This is what Europe’s monetary pipeline zombies look like:

From SocGen:

The European Central Bank reported that money supply growth (M3) in the euro area decelerated further in October, dropping to an annual rate of 1.4% – the slowest pace of increase in two years – well below the ECB’s 4.5% reference target. The flow of credit to the private sector dropped by 1.7% yoy (adjusted for securitization and sales), down from 1.6% in September.

While the credit impulse to households remains low but positive (0.1% yoy), the fall of credit to corporates (-3.7% yoy) confirms that we are heading towards a creditless recovery, where investment will not be an engine of growth. Of note, the picture is once again one of fragmentation. While the French corporate sector proved rather resilient to credit crunch, the total amount of loans to corporates plunged by 5.7% yoy in Italy, 6.6% in Portugal, and 19.3% in Spain.

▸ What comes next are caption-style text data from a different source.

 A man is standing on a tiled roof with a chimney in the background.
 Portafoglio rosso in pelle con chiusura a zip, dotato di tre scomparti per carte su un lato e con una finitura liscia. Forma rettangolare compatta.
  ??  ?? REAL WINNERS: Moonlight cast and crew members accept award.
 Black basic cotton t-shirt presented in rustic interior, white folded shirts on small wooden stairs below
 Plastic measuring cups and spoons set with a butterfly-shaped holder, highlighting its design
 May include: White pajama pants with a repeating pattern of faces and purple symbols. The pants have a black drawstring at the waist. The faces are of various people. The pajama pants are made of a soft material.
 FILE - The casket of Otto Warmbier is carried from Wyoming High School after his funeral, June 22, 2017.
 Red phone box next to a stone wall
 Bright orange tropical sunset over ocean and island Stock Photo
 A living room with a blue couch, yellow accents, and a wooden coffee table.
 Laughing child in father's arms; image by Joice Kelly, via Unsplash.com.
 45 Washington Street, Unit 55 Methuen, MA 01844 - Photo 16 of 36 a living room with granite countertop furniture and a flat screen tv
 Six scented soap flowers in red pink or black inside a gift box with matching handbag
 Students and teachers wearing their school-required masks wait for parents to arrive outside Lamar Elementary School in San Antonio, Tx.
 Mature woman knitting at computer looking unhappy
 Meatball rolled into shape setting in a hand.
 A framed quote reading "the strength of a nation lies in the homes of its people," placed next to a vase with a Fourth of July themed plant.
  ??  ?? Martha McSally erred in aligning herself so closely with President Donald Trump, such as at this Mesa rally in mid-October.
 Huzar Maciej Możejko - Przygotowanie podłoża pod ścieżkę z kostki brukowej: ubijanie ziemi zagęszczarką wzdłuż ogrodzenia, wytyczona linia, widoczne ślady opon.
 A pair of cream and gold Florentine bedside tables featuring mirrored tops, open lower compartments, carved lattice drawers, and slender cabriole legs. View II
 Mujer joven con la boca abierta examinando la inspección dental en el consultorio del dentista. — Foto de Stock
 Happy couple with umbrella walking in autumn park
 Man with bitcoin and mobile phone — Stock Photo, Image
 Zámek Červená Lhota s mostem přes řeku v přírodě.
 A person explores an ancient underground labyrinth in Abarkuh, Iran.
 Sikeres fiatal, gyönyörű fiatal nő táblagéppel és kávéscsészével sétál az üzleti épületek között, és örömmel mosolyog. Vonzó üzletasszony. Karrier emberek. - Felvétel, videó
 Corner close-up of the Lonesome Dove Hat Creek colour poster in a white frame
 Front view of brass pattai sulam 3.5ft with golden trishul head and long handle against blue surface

Buzzzz, wrong. In a Keynesian world there is no such thing as a creditless recovery: something Goldman’s operative in the ECB knows well, and why the ECB may truly use the nuclear option, and opt for negative deposit rates probably after a conditional LTRO or another 15 bps repo rate cut, but potentially as soon in the next month or two, as it has tried everything else, aside from outright QE, which however would mostly benefit Germany’s asset holders and do nothing to stimulate credit growth (see the US for 5 years worth of proof).

As for the European fragmentation in the loan creation department, our condolences to Spain because no amount of employment data falsification or Rajoy propaganda can undo the devastation left from an ongoing 20% crash in credit creation.

And the punchline:

In conclusion, even SocGen is now pessimistic that anything the ECB does will have much of an impact on the credit implosion that is Europe: "Yet, it is not clear to us how a movement in overnight deposits would be such as to stimulate investment. What we rather see is that the flow of credit remains negative, which suggests that the strong recovery in investment everyone expects is unlikely to happen for, at least, six to nine more months."

How surprising: "everyone" as usual has zero understanding of how money and credit creation truly work, and just regurgitates whatever the guy next door has said. Alas, that will not help Draghi in his fight against monetary zombocalypse.